* RECORDED INFORMATION:
*** Block opens ***

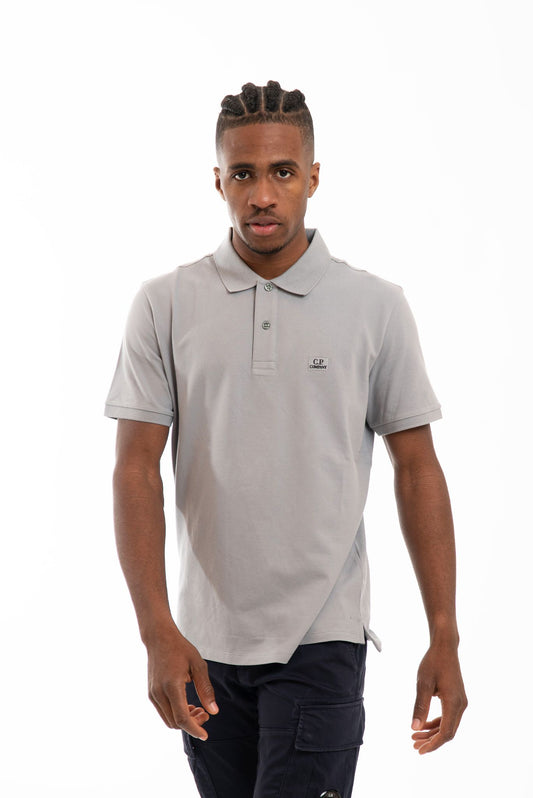 Polo in Piquet con Logo Grigio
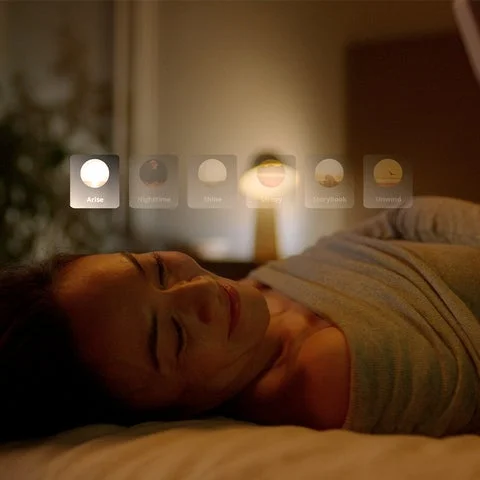ベッドで眠る女性と6つのプリセットシーンのアイコン表示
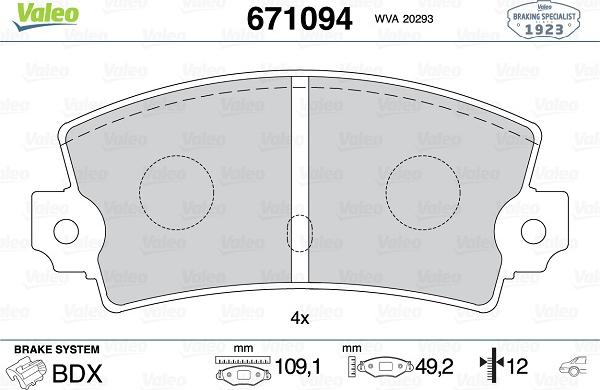 Valeo 671094 - Kit pastiglie freno, Freno a disco www.autoricambit.com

*** Block closes ***

* REQUIRED WORK:
Set down word for word each line from the one containing "ベッドで眠る女性と6つのプリセットシーンのアイコン表示" through the end of the material, and keep the pictures out of it.

* ANSWER SECTION:
ベッドで眠る女性と6つのプリセットシーンのアイコン表示
 Valeo 671094 - Kit pastiglie freno, Freno a disco www.autoricambit.com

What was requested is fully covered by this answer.